Bugün Flora’nın doğum günü. Onun deyimi ile “erkeğini”, aklını yitirmiş bir kaptanın yönettiği, buz kütleleri arasına sıkışmış ve birkaç haftalık erzakı kalmış bu gemide onun bulunmaması ne kadar iyi. Hakkımızda haber alabilmek için her sabah “Scotsman” gazetesinin sevkiyat listesini incelediğinden eminim. Adamlara iyi örnek olabilmek için neşeli ve kaygısız görünmeliyim, fakat Tanrı biliyor ya, bazen kendimi fazlasıyla umutsuz hissediyorum.
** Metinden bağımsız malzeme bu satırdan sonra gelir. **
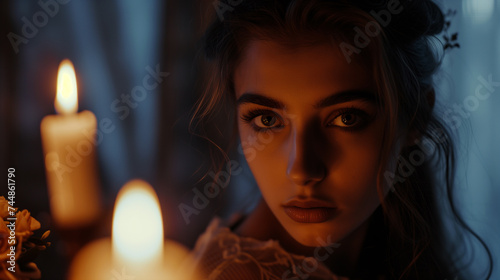 A young woman gazes thoughtfully into the distance, illuminated by the warm glow of candles in a room with subdued lighting, creating an atmosphere of intimacy and reflection - Generative AI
Termometre bugün 19º F gösteriyor. Çok hafif bir rüzgâr var, o da istenmeyen yönden esiyor. Kaptan’ın keyfi yerinde, gece yeni bir hayal gördüğünü sanıyorum. Zavallı adam, sabah erkenden sessizce yanıma gelip, “Her şey yolunda, Doktor,” diye fısıldadı. “Bu, bir hayal değildi!” Kahvaltıdan sonra gemide ne kadar erzak kaldığını hesaplamamı istedi. İkinci Kaptan’la beraber bu görevi üstlendik. Sonuç beklediğimizden de kötüydü. Toplamda yarım tank bisküvi, üç varil tuzlu et ve çok az miktarda da kahve ve şekerimiz kalmış durumda. Dolaplarda konserve somon, kurutulmuş kuzu eti ve konserve çorba gibi lüks yiyeceklerden oldukça bol miktarda var, ancak elli kişilik bir mürettebat için bunlar uzun süre dayanmayacaktır. Depoda iki varil un ve herkese yetecek kadar da tütün var. Hepsi bu. Herkesin günlük payını yarıya indirsek bile, bunlar bizi en fazla yirmi gün idare edecektir. Daha fazlası mümkün değil. Bunu Kaptan’a bildirdiğimizde bizden herkesi kıç güvertesine toplamamızı istedi. Onu daha önce hiç bu kadar iyi durumda görmemiştim. Uzun, düzgün yapılı fiziği ve esmer, ciddi yüzüyle emirler vermek için doğmuş bir adamın bütün özelliklerini taşıyordu. Adamlarına hitap ederken denizcilere özgü bir dille, tüm tehlikelerin farkında olduğunun ve bunu takdir ettiğinin ancak herhangi bir kaçışa da asla göz yummayacağının işaretini vererek konuştu.